Find the domain of $f(x)$ $$f(x)=\sqrt{\cos(\sin x)}+\arcsin \left(\frac{1+x^2}{2x}\right)$$
My Approach:
$\cos(\sin x) \geq 0 ; -1\leq \frac{1+x^2}{2x} \leq 1$
The first inequality holds for all $x$ and, for second one we have:
$(x+1)^2 \geq 0$ and, $(x-1)^2 \leq 0$ which is true only for $x=1$
My Problem:
The answer mentioned in the book is $x=1,-1$
I want to know how $-1$ is in the domain.

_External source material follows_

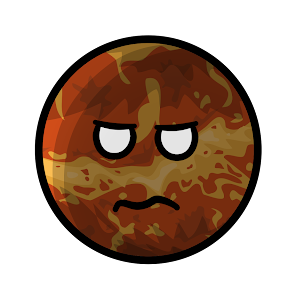 Venus Latin American voice (Solarballs)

The condition for the arc sine is $$\left\lvert\frac{1+x^2}{2x}\right\rvert\le 1\iff x\ne 0 \,\text{ and }\,1+x^2\le 2\lvert x\rvert\iff x\ne 0 \,\text{ and }\,(1-\lvert x\rvert)^2\le 0$$ which is satisfied if and only if $\;\lvert x\rvert=1$.
We have $\forall x>0$ $$1+x^2\geq 2x $$ $$\implies \frac {1+x^2}{2x}\geq 1$$
the equality holds for $x=1$
and $\forall x <0$ $$1+x^2\geq -2x $$ $$\implies \frac {1+x^2}{2x}\leq -1$$
the equality holds for $x=-1$
the domain is then $\{-1,1\} $.
you have $$-1\le \frac{1+x^2}{2x}\le 1$$ in the case that $$x>0$$ we get $$0\le (1+x)^2$$ which is true. and $$(x-1)^2\le 0$$ which gives $$x=1$$ int the case that $$x<0$$ we get $$-2x\geq 1+x^2\geq 2x$$ which gives $$0\le (x+1)^2$$ thus $$x=-1$$ and $$(x-1)^2\geq 0$$